Edmunds.comEdmunds.com Posts: 10,059
edited September 2014 in Subaru

Comments

  • fordson1fordson1 Posts: 1,512
    Travis, I live in the northeast, and believe me, FWD cars like the Ford Focus do just fine here. From your perspective, they make sense only for weather-free locations like LA? In your heavy rain you encountered, any modern FWD hatch would have been just fine. Stuff like that is much more a function of tires than anything else.
  • duck87duck87 Posts: 649
    You know, I've lived in Toronto and Windsor/Detroit areas, and even though we never get the crazy amounts of snow that you'd find in places like Calgary, we still get a pretty good blanket of the stuff year after year, and I never had problems with any of my 2WD cars, either front or rear drive. I never really understood why people think AWD is necessary in anything less than a foot of snow (anything more and most people stay at home anyways), especially when it only helps marginally when you're turning and most certainly does not help when you're braking... i.e. the most important part.
  • duck87duck87 Posts: 649
    (that applies to rain by the way. In this case it makes even less of a difference, as long as your tires work well in the rain. Continental ExtremeContacts. Do it.)
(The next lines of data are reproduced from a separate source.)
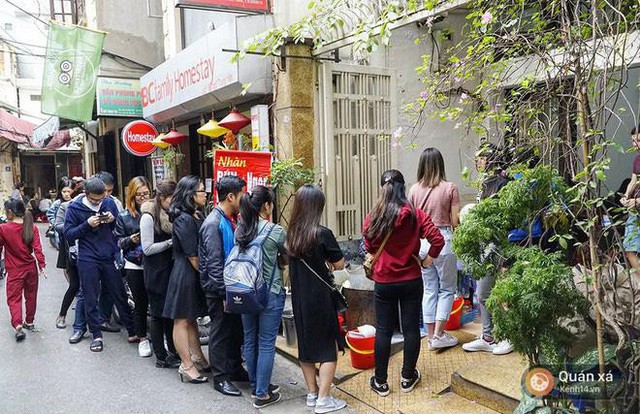 Chuyện bún ngan Nhàn chửi khách: Có nên dễ dãi cho qua bởi chỉ cần ngon là được? - Ảnh 4. Chuyện bún ngan Nhàn chửi khách: Có nên dễ dãi cho qua bởi chỉ cần ngon là được? - Ảnh 4.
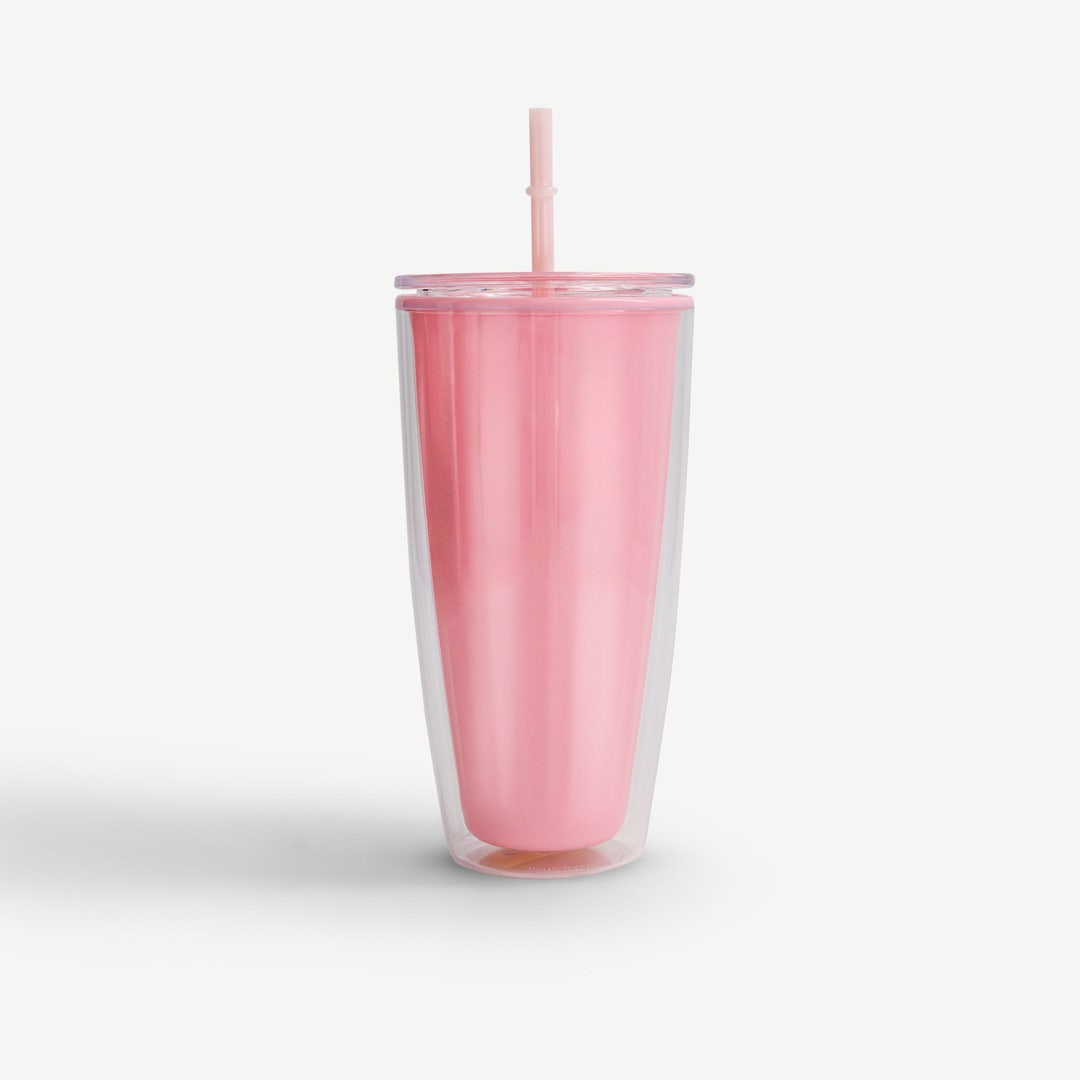 Vamier Cup Pink - 720ml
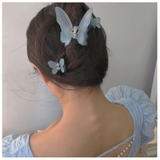 ヘアクリップ バンスクリップ 3個セット | PlusNao | 詳細画像3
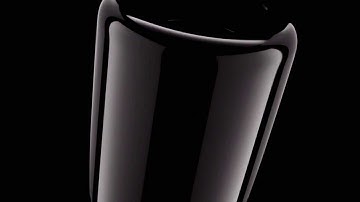 Apple Mac Pro Revealed! Mac Pro Trailer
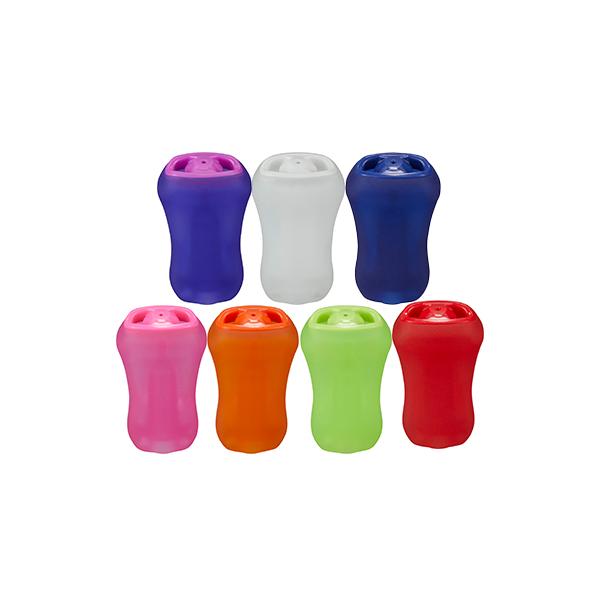 豊富なカラーで個性的なカスタムが可能。 既存のカスタムパーツと組み合わせることで、トータルコーディネートの幅が広がる。■Sサイズ交換可【付属品】ハンドルノブキャップ、ハンドルノブキャップ外しピン、調整ワッシャー（0.05mm×2枚、0.1m...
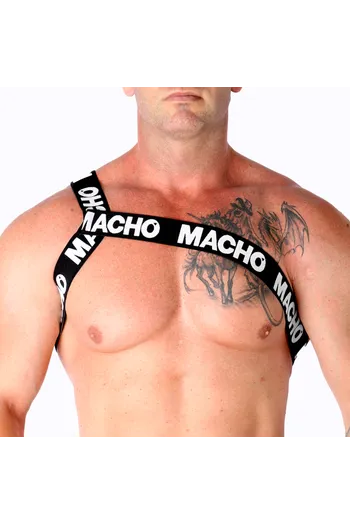 Elastic Roman Harness - Innovation in Fashion and Comfort | Buy Now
  • legacygtlegacygt Posts: 599
    "Grow on you" is exactly what Subarus do. They are not great looking cars. They don't have great tech and there's rarely anything eye-catching or memorable from a brief sit in the cockpit. They are not at their best on a stand at the car show or in a showroom or dealer lot. But while other cars might be at their most impressive the first time you sit in them or the second you drive it off the dealer lot, Subarus are at their best 6 months later or 6 years later. Their engineers clearly take a long term view of customer satisfaction. This approach may not be the best for rapid growth or sales success fueled by great looks or nice features (see Hyundai). But it is great for sales growth driven by customer loyalty and word of mouth.
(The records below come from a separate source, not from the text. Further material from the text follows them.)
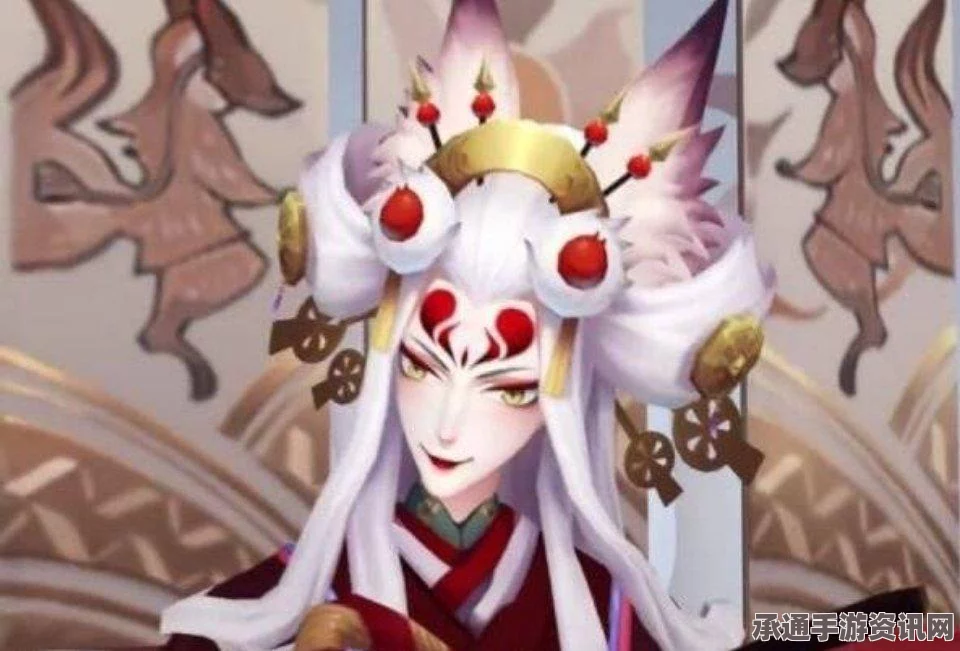 阴阳师，荒川新皮肤图鉴及技巧详解—荒川之主新皮肤上线的秘密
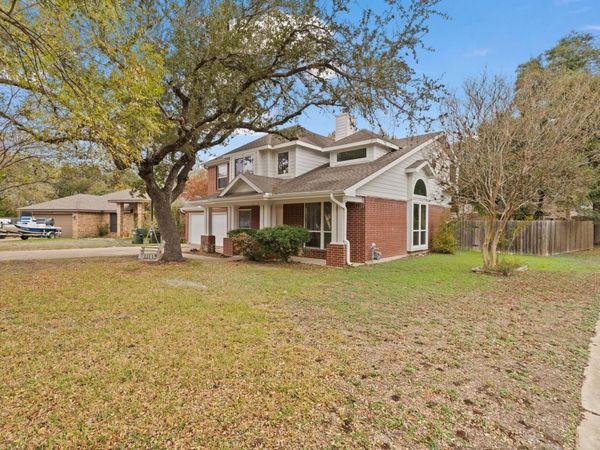 11600 GUN POWDER CT , Austin, TX 78748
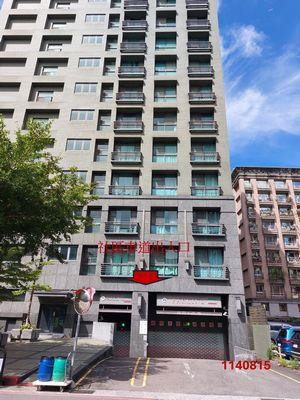 新北法拍大樓-4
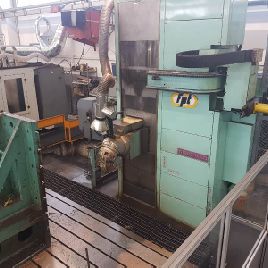 Boring machines FPT SIRIO M40 SELCA 3045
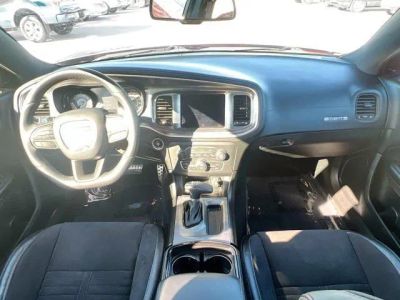 2023 Dodge Charger — photo 27 view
  • Could someone please explain to me exactly how having AWD helps with driving in the rain? I feel like the tires make the all the difference in the rain, not the drivetrain. The same could be said for in the snow. Any competent driver with decent tires can drive a car with any drivetrain (FWD, RWD, AWD) in pretty much any weather. For example taking a Mercedes SLS AMG to Mount Rushmore in the winter.